DATASET EXTRACT ::
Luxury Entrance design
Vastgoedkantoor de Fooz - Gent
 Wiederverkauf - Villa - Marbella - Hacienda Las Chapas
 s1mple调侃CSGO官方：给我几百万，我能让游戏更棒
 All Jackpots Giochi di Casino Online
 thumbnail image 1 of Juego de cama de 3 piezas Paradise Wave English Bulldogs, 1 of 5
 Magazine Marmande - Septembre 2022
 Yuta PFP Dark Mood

WHAT IS BEING ASKED ::
Your task is to transcribe the line containing "thumbnail image 1" and every line after it, through the last line of the data, exactly as written and with nothing more.

RESULT OF THIS TASK ::
 thumbnail image 1 of Juego de cama de 3 piezas Paradise Wave English Bulldogs, 1 of 5
 Magazine Marmande - Septembre 2022
 Yuta PFP Dark Mood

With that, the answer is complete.